First Communion Invite
Once I past the first hurdle, it was time to work on design. I took a cue from the invite and used a silhouette portrait of Kylie to make a personalized child praying silhouette. I used an x-acto knife to cut through the paper template and etch the silhouette outline into black gumpaste.
Frame for silhouette
The shape of the invite lent itself to being the frame for the silhouette. The frames and silhouette are cut from rolled gumpaste using an x-acto knife with a new blade.
The background of the invite gave me the idea for stenciling the bottom tier of the cake. I found a damask cake stencil that I could stencil onto the cake with royal icing.
Masking the cake
This was my first time working with a cake stencil, and it turned out that my cake was shorter than the stencil. I could have cut the stencil to the right height, but the stencil was expensive, and I still wanted to be able to use it on a taller cake. I masked off the portion that I didn’t need with masking tape so that the top edge would be clean.
Stencil with royal icing
I made one batch of royal icing and thinned it slightly with water to use as my stenciling medium. I spread it onto the stencil with an offset spatula, and then removed the stencil. The stencil worked alright, but I found that stenciling on a round cake is much more difficult than stenciling on a square or rectangular cake. The stencil needs to have direct contact with the cake to make the stenciling come out crisp, clean, and uniform thickness. On a round cake, your sides need to be perfectly square all the way around so that there are no gaps between the cake and the stencil. My cake had relatively square sides, but there were some varying gaps, and as a result the stenciling was not a uniform thickness all the way around and there was some blurring. One length of the stencil was not enough to go around the cake completely, so I waited 15-20 minutes for the royal icing to dry and then applied the stencil to the remaining area of the cake. I overlapped the stencil so that the pattern would line up seamlessly. On a round cake, I can’t see a way around having a seam. The place where the stenciling finally meets up will just be the back of the cake. Again, on a square or rectangular cake, you won’t have this problem.
Stenciled Bottom Tier
You can see the uneven thickness of the royal icing in this photo as well as some of the blurring. Even though this is an imperfection, it gives it texture, and adds some old-world charm to the cake. It feels like it could be part of a beautiful old cathedral.
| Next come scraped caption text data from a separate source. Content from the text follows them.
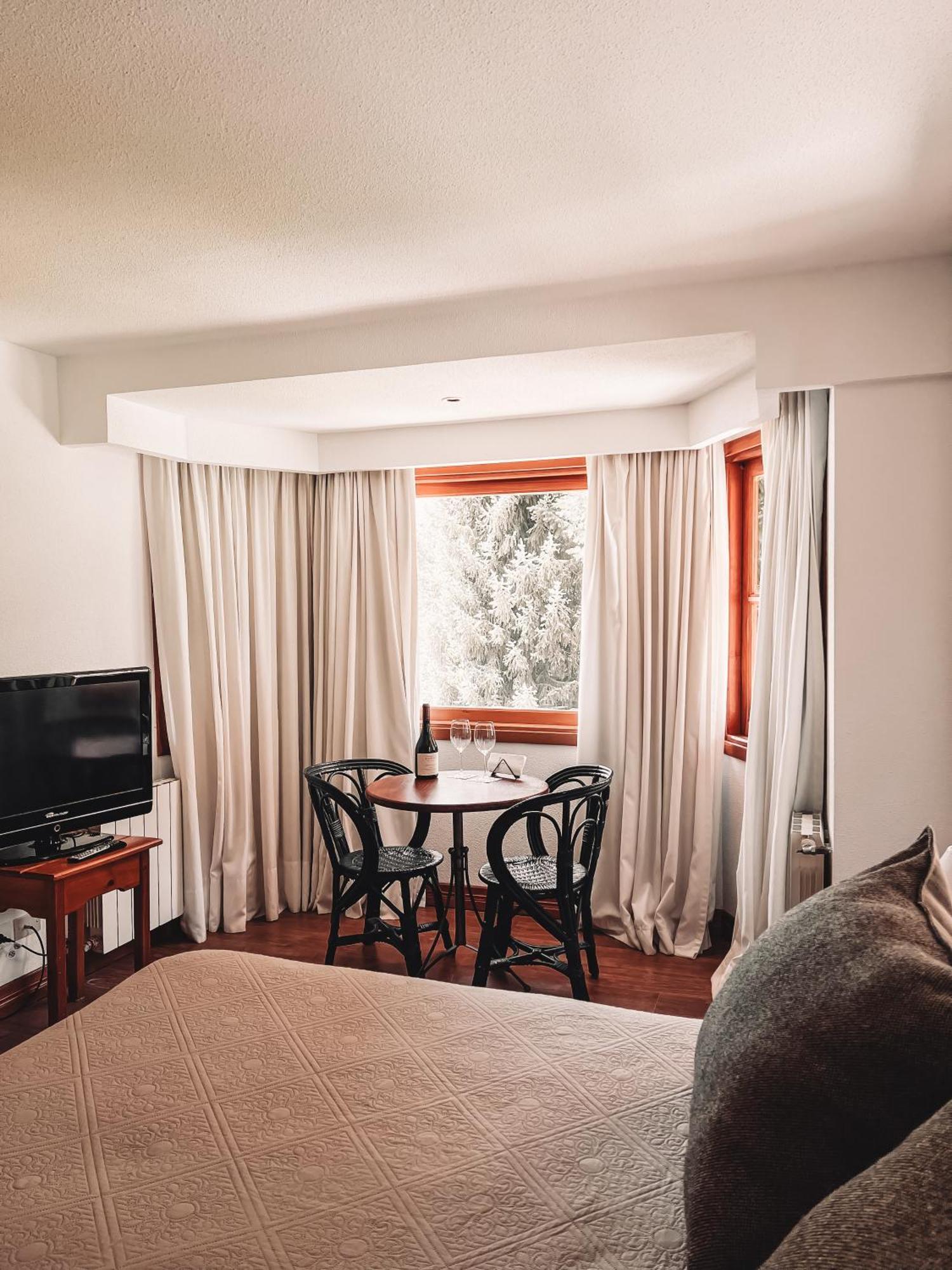 Hotel Catedral Ski & Wellness Bariloche Zewnętrze zdjęcie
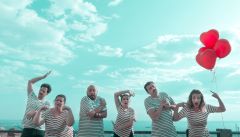 «Το τρελό μικρό πράγμα, που ονομάζεται Έρωτας» της Λένας Πετροπούλου από το ΔΗ.ΠΕ.ΘΕ Βέροιας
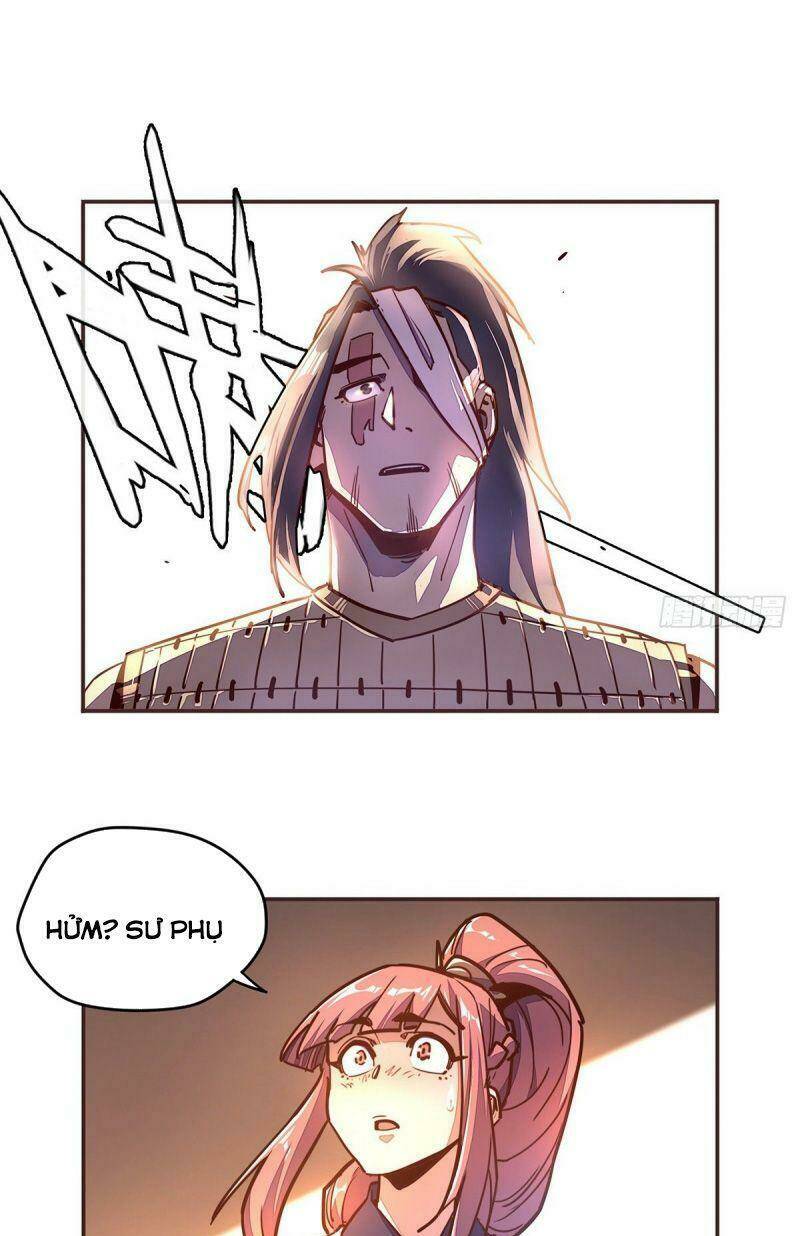 Sinh Tử Quyết: Chapter 48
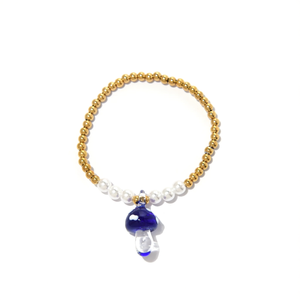 E395-B220-0286G Fashion <b>Beaded</b> <b>Bracelet</b> - Product Image 2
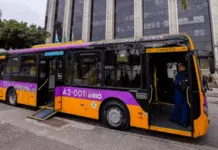 Rio apresenta novos ônibus que começam a circular na Zona Oeste no dia 24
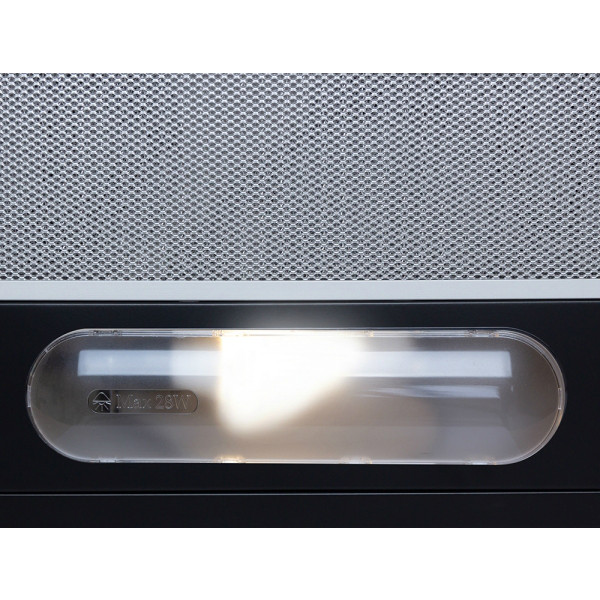 Фото - Витяжка традиційна Perfelli PL 5442 BL LED
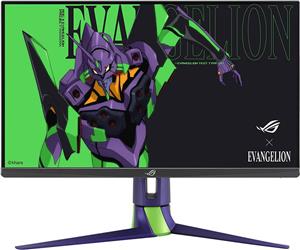 مانیتور ASUS ROG Strix 27” 1440P EVA Edition HDR Gaming Monitor-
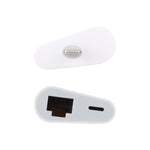 Adaptateur de fonction réseau Ethernet LAN NK-1035 8 broches vers RJ45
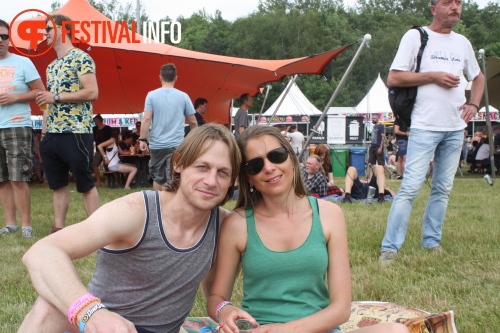 Sfeerfoto Pinkpop 2014 - dag 1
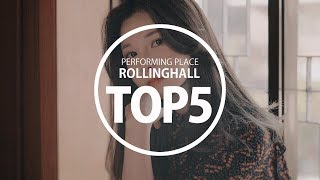 [Top.5] 새봄(Saevom) 추천곡 5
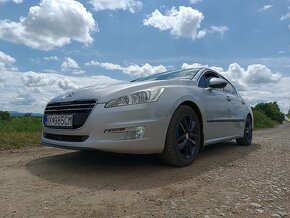 Peugeot 508 2.0HDI 103kw FAP - 13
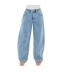 Jean Femme Bleu Pâle I Saw It First-2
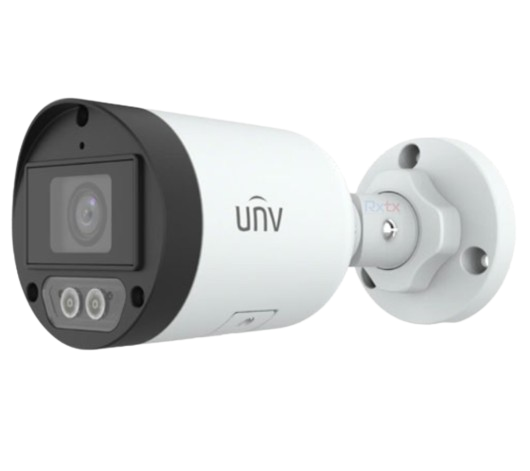 UNIVIEW UN-IPC2122LB-AF28K-WL - CÁMARA IP BULLET DE 2MP. UNIVIEW COLORHUNTER. MICRÓFONO INTEGRADO / SLOT MICRO SD 128GB. IP67 / SIN ANALÍTICAS. #UNIVIEW #CámarasDeSeguridad #Videovigilancia #SeguridadInteligente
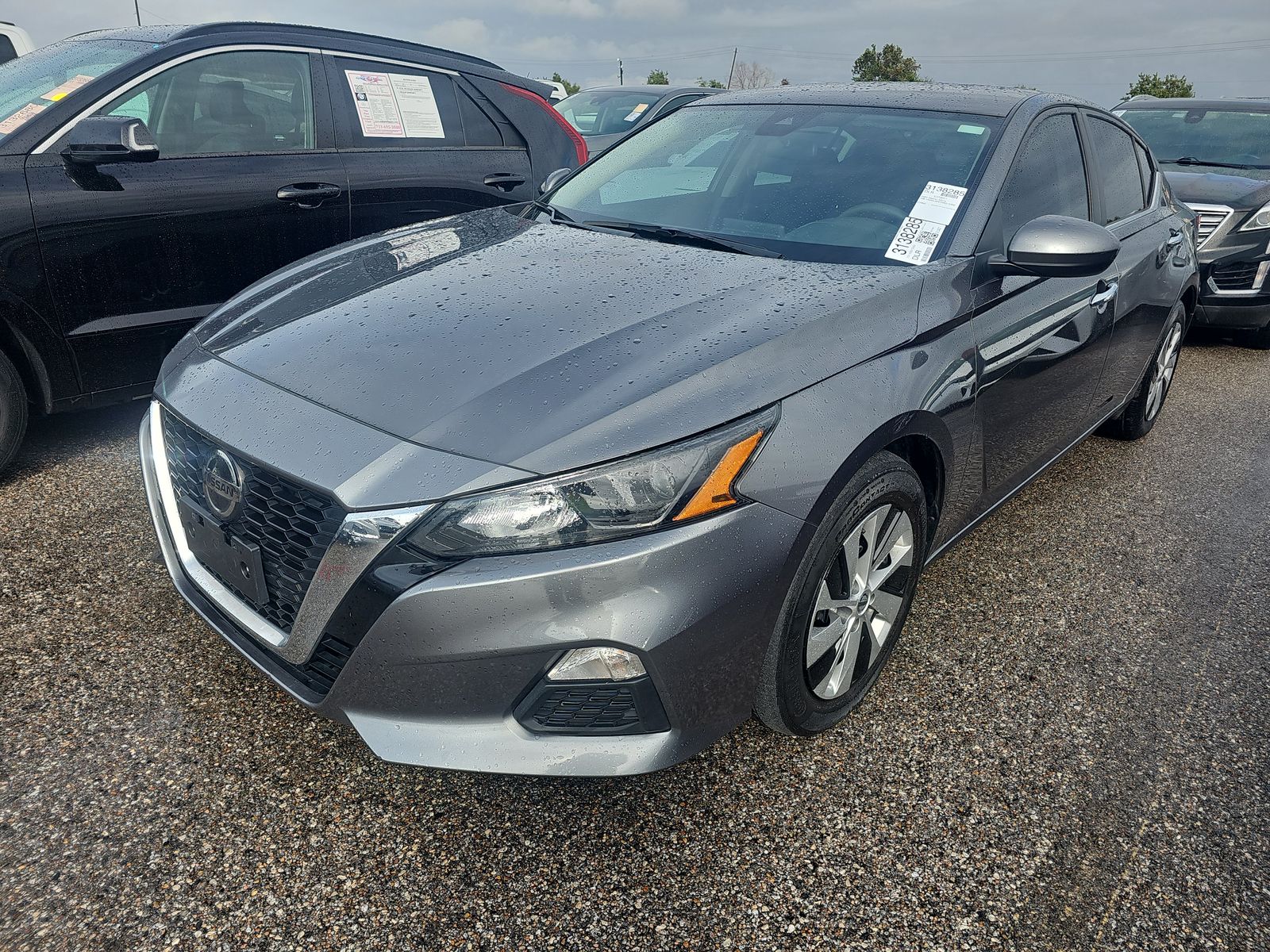 2022 Nissan Altima S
I still needed to incorporate pearl into the cake, and the thought that gumpaste pearls would be lovely for the bottom border. I use a 4mm pearl mold to make the strands of pearls. The key to making pearls is to brush your pearl mold liberally with pearl luster dust. I used CK Products Super Pearl Luster Dust here. I make all of the pearls and then trim off the excess with an x-acto knife before applying them to the cake.
Gumpaste pearl border
The pearls make a very elegant touch, and they are deceivingly simple to make. I wrapped the cake drum in a lavender satin ribbon. I am so fortunate to have such an amazing goddaughter, and it was such a pleasure making her First Communion cake!